About this exercise.
Print the records below exactly, leaving out nothing.

═════ Material supplied

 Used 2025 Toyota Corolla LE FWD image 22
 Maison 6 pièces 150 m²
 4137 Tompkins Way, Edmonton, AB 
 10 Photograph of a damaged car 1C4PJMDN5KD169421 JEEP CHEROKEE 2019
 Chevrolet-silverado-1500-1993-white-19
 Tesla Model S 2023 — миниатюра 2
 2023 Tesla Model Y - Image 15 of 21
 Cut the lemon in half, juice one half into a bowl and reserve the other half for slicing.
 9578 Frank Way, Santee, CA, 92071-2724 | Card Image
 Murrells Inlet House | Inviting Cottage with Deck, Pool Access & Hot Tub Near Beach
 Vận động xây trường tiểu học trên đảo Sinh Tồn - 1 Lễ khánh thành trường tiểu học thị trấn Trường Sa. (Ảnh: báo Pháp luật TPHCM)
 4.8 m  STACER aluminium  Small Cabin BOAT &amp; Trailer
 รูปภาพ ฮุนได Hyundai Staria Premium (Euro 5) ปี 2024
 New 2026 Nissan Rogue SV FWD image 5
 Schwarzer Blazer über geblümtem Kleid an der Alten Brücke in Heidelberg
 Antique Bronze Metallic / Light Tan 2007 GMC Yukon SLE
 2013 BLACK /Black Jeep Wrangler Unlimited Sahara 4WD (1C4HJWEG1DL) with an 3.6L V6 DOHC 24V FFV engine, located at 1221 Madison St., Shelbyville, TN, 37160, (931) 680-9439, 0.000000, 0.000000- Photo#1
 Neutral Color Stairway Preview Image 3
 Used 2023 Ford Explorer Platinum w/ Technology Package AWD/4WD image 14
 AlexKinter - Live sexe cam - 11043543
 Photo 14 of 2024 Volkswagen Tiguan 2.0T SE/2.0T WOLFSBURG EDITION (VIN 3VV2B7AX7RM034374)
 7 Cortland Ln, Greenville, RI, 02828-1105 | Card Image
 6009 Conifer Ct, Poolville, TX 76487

══════════

Answer to this task.
 Used 2025 Toyota Corolla LE FWD image 22
 Maison 6 pièces 150 m²
 4137 Tompkins Way, Edmonton, AB 
 10 Photograph of a damaged car 1C4PJMDN5KD169421 JEEP CHEROKEE 2019
 Chevrolet-silverado-1500-1993-white-19
 Tesla Model S 2023 — миниатюра 2
 2023 Tesla Model Y - Image 15 of 21
 Cut the lemon in half, juice one half into a bowl and reserve the other half for slicing.
 9578 Frank Way, Santee, CA, 92071-2724 | Card Image
 Murrells Inlet House | Inviting Cottage with Deck, Pool Access & Hot Tub Near Beach
 Vận động xây trường tiểu học trên đảo Sinh Tồn - 1 Lễ khánh thành trường tiểu học thị trấn Trường Sa. (Ảnh: báo Pháp luật TPHCM)
 4.8 m  STACER aluminium  Small Cabin BOAT &amp; Trailer
 รูปภาพ ฮุนได Hyundai Staria Premium (Euro 5) ปี 2024
 New 2026 Nissan Rogue SV FWD image 5
 Schwarzer Blazer über geblümtem Kleid an der Alten Brücke in Heidelberg
 Antique Bronze Metallic / Light Tan 2007 GMC Yukon SLE
 2013 BLACK /Black Jeep Wrangler Unlimited Sahara 4WD (1C4HJWEG1DL) with an 3.6L V6 DOHC 24V FFV engine, located at 1221 Madison St., Shelbyville, TN, 37160, (931) 680-9439, 0.000000, 0.000000- Photo#1
 Neutral Color Stairway Preview Image 3
 Used 2023 Ford Explorer Platinum w/ Technology Package AWD/4WD image 14
 AlexKinter - Live sexe cam - 11043543
 Photo 14 of 2024 Volkswagen Tiguan 2.0T SE/2.0T WOLFSBURG EDITION (VIN 3VV2B7AX7RM034374)
 7 Cortland Ln, Greenville, RI, 02828-1105 | Card Image
 6009 Conifer Ct, Poolville, TX 76487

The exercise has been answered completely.